En faisant appeler l’infirme par la foule au lieu de l’appeler lui-même, Jésus fait de ceux qui constituaient un obstacle, des intermédiaires de son appel. Alors que le mendiant appelait Jésus pour qu’il vienne à lui, c’est Jésus qui l’appelle à venir à lui. Le mendiant comprend qu’il est plus qu’entendu : il est distingué entre tous par celui qui passe. Cet appel opère déjà en lui une triple transformation : il se met debout ; il sort de son isolement en marchant au milieu des autres ; il va vers Jésus.

Une seconde phase du récit s’ouvre alors avec la question de Jésus : « Que veux-tu que je fasse pour toi ? » Jésus lui demande d’exprimer son désir moyennant un échange de parole, car l’aveugle a plus besoin de communication humaine que de guérison. L’enjeu central de la transformation se situe dans la rencontre personnelle avec Jésus. C’était la communication entre eux qui était difficile vues la distance et l’entrave de la foule. Au désir de rencontrer Jésus, s’ajoute cependant à présent celui de voir que l’aveugle n’avait pas exprimé dans son cri initial. Il ne s’adresse plus à Jésus comme au Fils de David capable de pitié envers un malheureux, mais au Maître qui enseigne et qui illumine par sa parole. Il reconnaît son aveuglement et il demande à en être libéré par celui qu’il appelle son Maître. Ce changement d’appellation traduit bien la transformation de l’aveugle qui de mendiant est devenu un homme en quête de lumière auprès de celui qu’il reconnaît comme son Maître.

Jésus ne prononce aucune parole de guérison pour lui rendre la vue. Il fait simplement un constat que personne ne peut voir : « Ta foi t’a sauvé ! » Cette parole déclare le salut comme étant déjà acquis, par le simple fait d’une relation vivante restaurée dans la confiance. Ce salut ne procède pas du pouvoir de Jésus, mais de la puissance de la confiance à laquelle l’homme s’est ouvert.
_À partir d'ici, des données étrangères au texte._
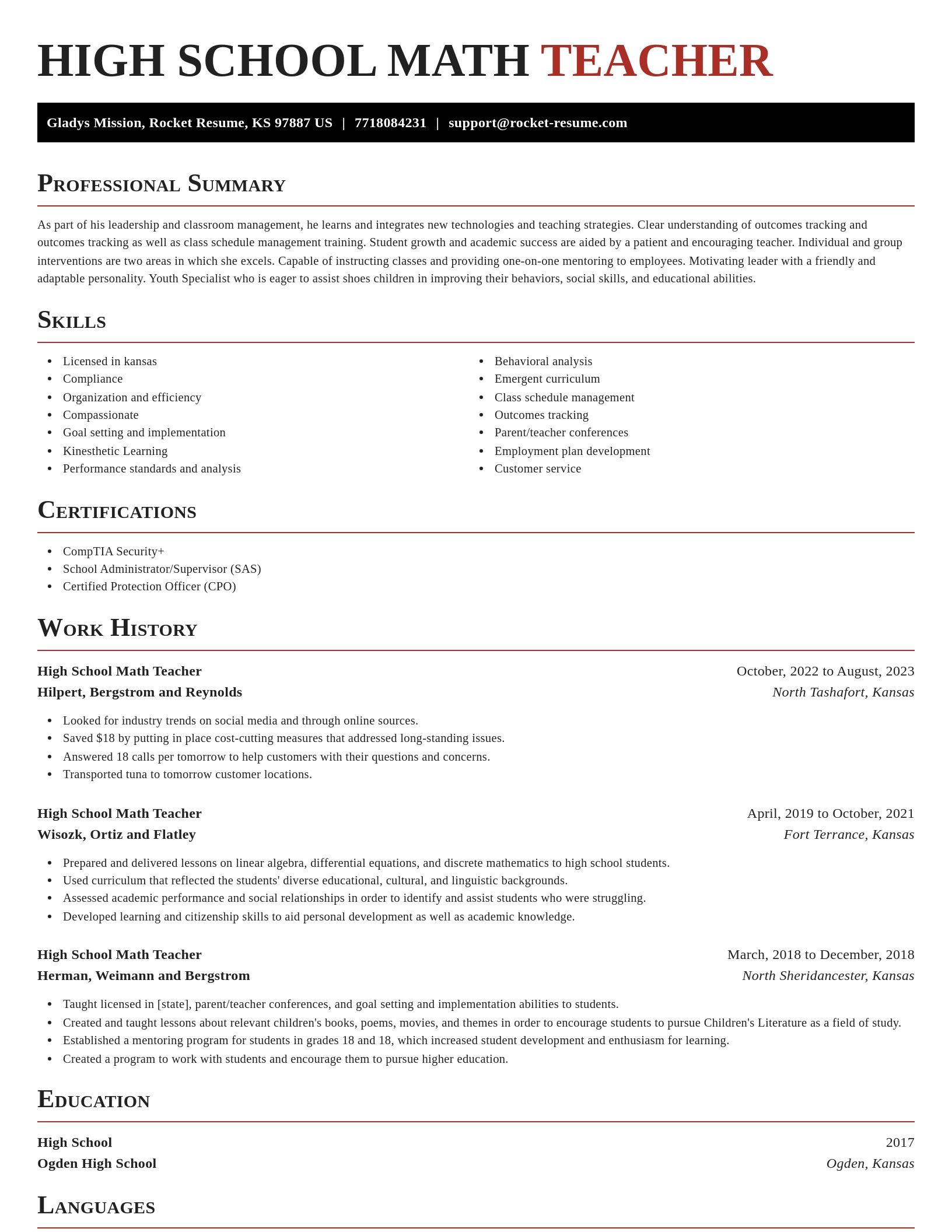 Exquisite resume template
La guérison manifeste alors publiquement la véracité du dire de Jésus et de la foi de l’homme, une foi telle qu’elle ouvre à la réception du salut. Jésus ne parle pas ici en guérisseur, mais en Maître qui témoigne de la volonté divine, une volonté qui rejoint le désir profond de l’homme.

L’aveugle devenu croyant est à présent voyant. Par sa foi en Jésus sauveur, il est entré dans une vie nouvelle. Celui qui était assis sur le bord du chemin marche à présent à la suite de celui qu’il peut voir marcher sur le chemin. Voir, c’est trouver le bon chemin et le prendre sans peur ni hésitation, en suivant Jésus jusqu’à Jérusalem. L’aveugle apparaît ainsi comme le modèle par excellence du disciple de Jésus au moment où celui-ci est prêt d’achever sa mission dans la ville sainte. Il est passé de l’état de mendiant en quête de relation à celui d’aveugle en quête de lumière pour devenir enfin disciple en quête de salut.

La foi en Jésus sauve de tout isolement, paralysie ou repli sur soi. Suivre Jésus, c’est trouver la relation qui ouvre à toutes relations par-delà toutes les nuits et toutes les solitudes. C’est se mettre en chemin pour accomplir sa vie à la lumière du Christ. Tel est le miracle de la foi, de l’ouverture à la confiance ! A partir de là, tout autre besoin peut être satisfait grâce à une créativité retrouvée et une véritable communion avec les autres.